FöRFATTARE
Uthaicharoenpong, Tawon

INSTITUTION
Rymdvetenskap, Kiruna /

SAMMANFATTNING
Future planetary exploration missions will require mobile robots to excess challenging terrain such as rocky areas, steep slopes or loose soil types which make robots susceptible to losing stability leading to rollover or entrapment. So far this problem have been proposed to be solved by the use of reconfigurable robots, robots that can reconfigure themselves, these robots have an advantageous ability to reconfigure themselves to optimize their performance according to the surrounding area, i.e. to adjust wheel diameter according to soil conditions to optimize wheel-ground traction, to adjust shoulder joint angles to keep the center of gravity within a suitable area thus increasing tip over stability. To define and give a measure of stability, which has no official unit and theory yet, various kinds of stability measures have been studied and discuss about the drawback and generality of each measure. The most suitable measure selected to be implemented in this thesis work is the force-angle stability measure. The conceptual design of the robot prototype built with the help of a 3D mechanical design program, which later was used to find many important parameters of the robot, afterward it was then manufactured within the TKK Automation laboratory facility. It is a four wheeled skid-steer robot platform with an inverted pendulum mounted on top.
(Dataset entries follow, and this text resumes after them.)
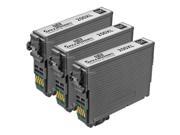 SL 3pk Reman For Epson T200XL120 Black ink cartridge SL 3pk Reman For Epson T200XL120 Black ink cartridge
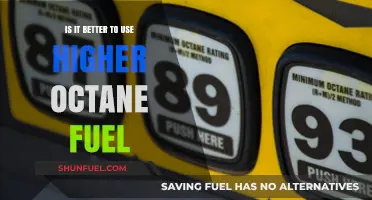 Higher Octane Fuel: Performance Boost or Waste of Money?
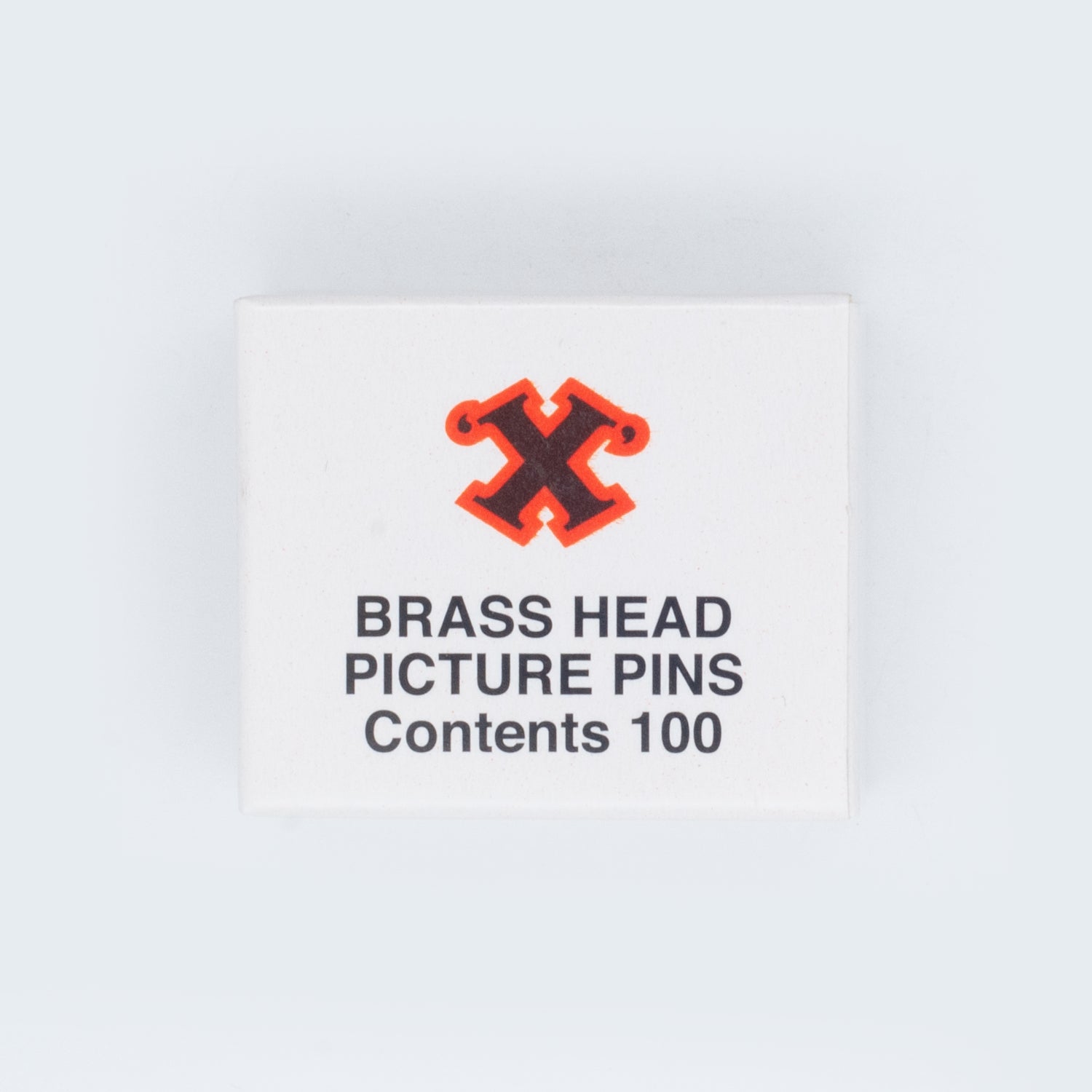 Brass Head Picture Pins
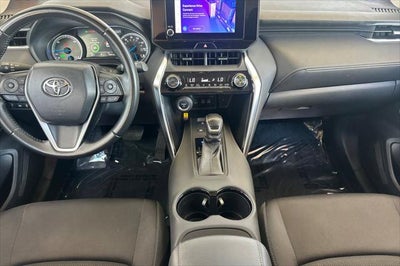2024 Toyota Venza LE
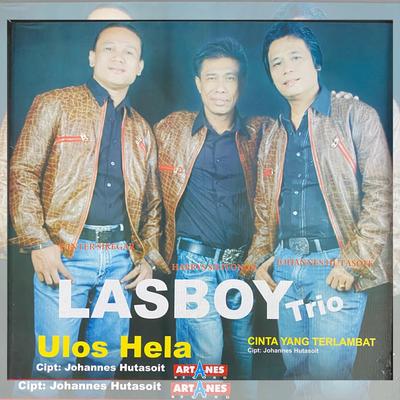 Lasboy Trio's cover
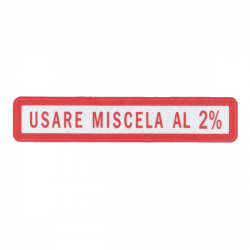 142720470 ADESIVI MISCELA 2% RMS CLASSIC 610054M003 | RMS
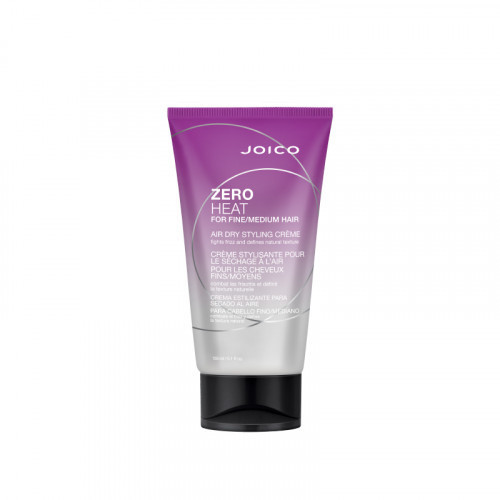 Joico Zero Heat Air Dry Creme for Fine/Medium Hair Natūraliai džiūstančių plaukų modeliavimo kremas 150ml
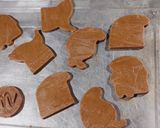 Foto del paso 4 de la receta: Galletitas de masa sable de naranja 🍊🍊!!
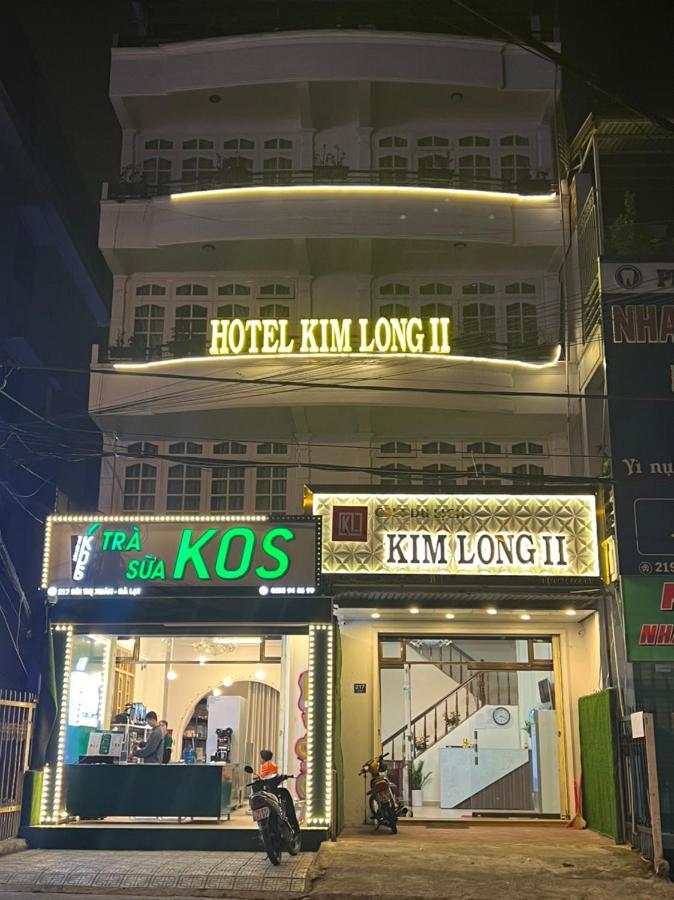 Khanh Vy Hotel 大叻 外观 照片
Control software has been developed both for the local controller (AT90CAN128 from Atmel), where the manipulator position control method is run, as well as on the PC where the implementation and development of force- angle stability measures take place using MATLAB. The robot prototype was then tested to measure the performance of the robot and to investigate how the system reacts to various test method. The test data was collected and analyzed and was proven to significantly enhance the stability of the robot.

ISSN 1653-0187 / ISRN LTU-PB-EX--08/115--SE / NR 2008:115